Living-Room Music is a quartet for players to use any household objects or architectural elements as instruments, playing them only with their fingers or fists.  A Gertrude Stein poem is used for the second movement, and is probably the first appearance of rap music.

 

 

alaskan-premiereYoko Ono (1933) Japan
Sky Piece for Jesus Christ 1965
for violin, flute, clarinet, and trombone

“Sky Piece . . .” is a performance piece. In the 1960s, Yoko Ono was active in the New York-based Fluxus movement, which, in the words of Fluxus linchpin George Maciunas, "forgoes distinction between art and non-art, forgoes artists' indispensability, exclusiveness, individuality, ambition . . . complexity, profundity, greatness, institutional and commodity value . . . . It is a fusion of Spike Jones, gags, games, vaudeville, and Duchamp." About her “Sky Piece . . . , “ which belongs to the Fluxus movement, Ono says in an interview with Carolyn Boriss-Krimsky, “[At that time, John] Cage was a very established person in his own right. He was amongst us, you know, the younger generation in New York. He was called "J.C" -Jesus Christ. [. . . ] “Sky Piece for Jesus Christ,” [. . .] was a little pun -- kind of a double entendre. The younger ones (we) were thinking that we were doing something that was a little bit of a step forward from him. But we were all influenced by him, encouraged by him, inspired by him.”

 

 

alaskan-premiereFrancis Schwartz (1940) Texas
Cannibal Caliban 1975/1987 rev.
for violin, cello, flute, clarinet, trombone, and piano

"I wish to give both the performer and the public the opportunity to explore new ways of enjoying and discovering an artwork. During the past centuries, we have become too rigid, too fearful of the total art experience. I want the players to bathe in the wonders of their corporeal expressiveness, to savor the communicative power of facial gesture as much as they delight in a beautifully produced vocal or instrumental sound. Both artist and public grow in this discovery,” says the composer Francis Schwartz.
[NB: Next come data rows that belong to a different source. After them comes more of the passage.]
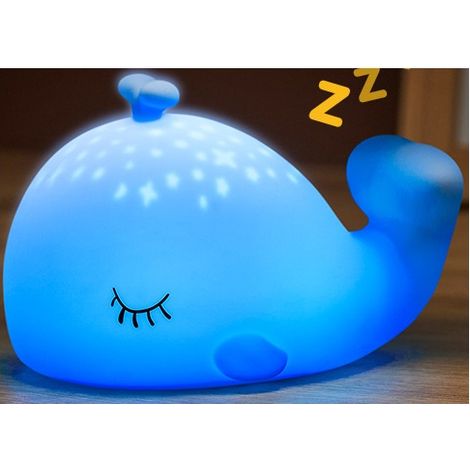 Veilleuse Bébé Bruit Blanc Rechargeable, Tactile Silicone Baleine, Lampe Chevet Allaitement RGB 7 Couleurs (1/5)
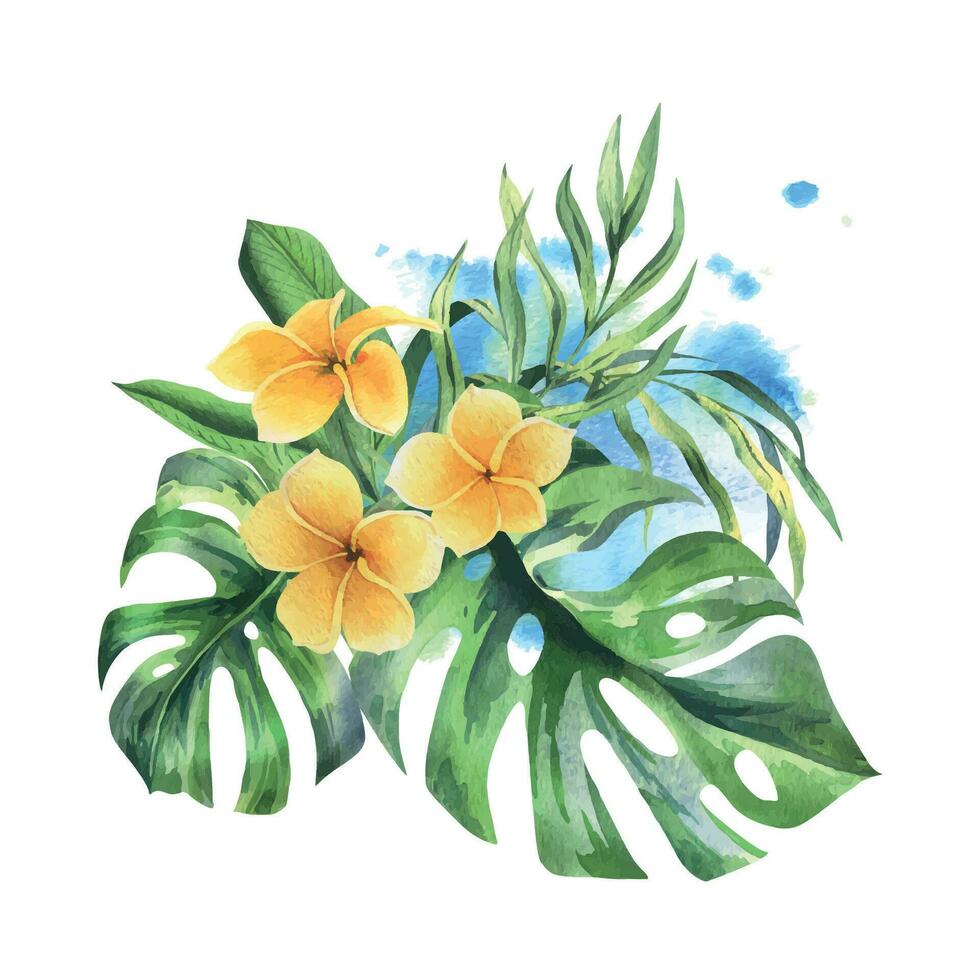 tropical palma hojas, monstera y amarillo flores de plumería, frangipani, brillante jugoso. mano dibujado acuarela botánico ilustración. aislado composición en un blanco antecedentes vector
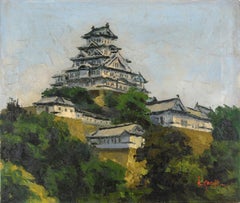 Le château d'Himeji au milieu d'une végétation luxuriante - Peinture à l'huile originale en impasto, signée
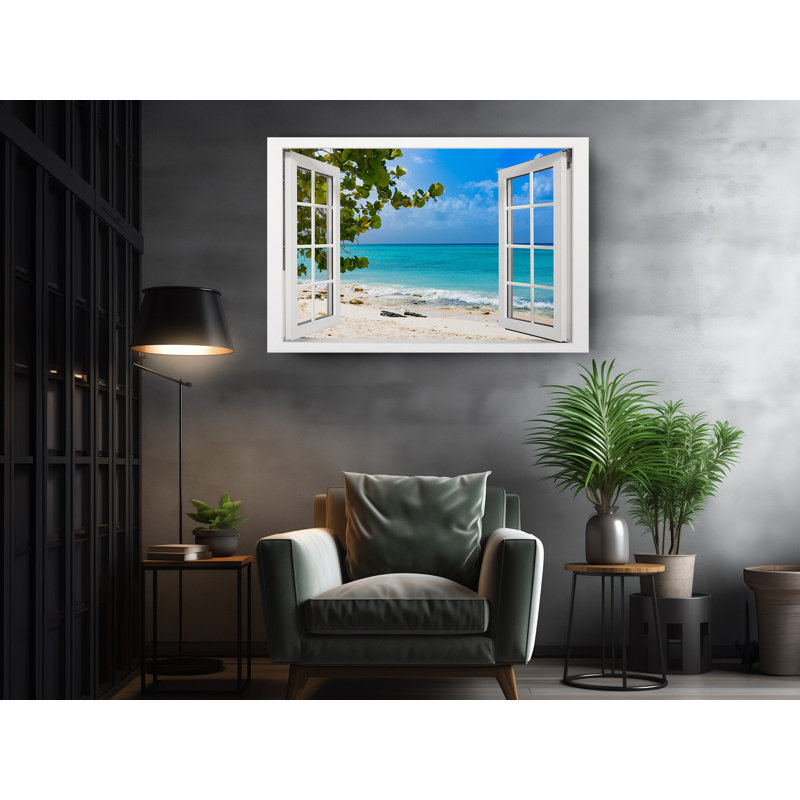 Impression sur toile, "Ocean Bliss with Open Window and Tree View Blue Sky Motivation" sur toile, H 12 po x l 18 po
His composition Cannibal Caliban is a piece that excels at this goal.  Written in 1975, it incorporates alternating sound and gesture blocks that engage the audience, finally exhorting them to scream with the performers near the end.  The plot loosely follows what could be a day in the life of Caliban, the Cannibalistic character from Shakespeare's “The Tempest.”

 

 

alaskan-premierePeter Schickele (1935) Iowa
Quartet for Violin, Cello,
Clarinet, and Piano
1982

Peter Schickele's “Quartet for Clarinet, Violin, Violoncello and Piano” was composed from material that had been "around for years, looking for the proper setting." Two movements were composed in 1979, and two in 1982 for its premier at Chamber Music Northwest on July 17, 1982. The work is dedicated to Schickele's father, about whom he writes: "At one point during my teenage years, we tried to have a family 'orchestra,' with my brother on violin, my mother on piano, and myself on bassoon; my father could rarely be coaxed into getting out his old flute, but his passionate love of serious music (and I do not use the term 'serious' in any superficial, record store department sense) had a greater, and better, influence on me than I suspected at the time (since he wouldn't let me listen to Spike Jones records while he was at home, I was perhaps a little bit rebellious about seriousness)."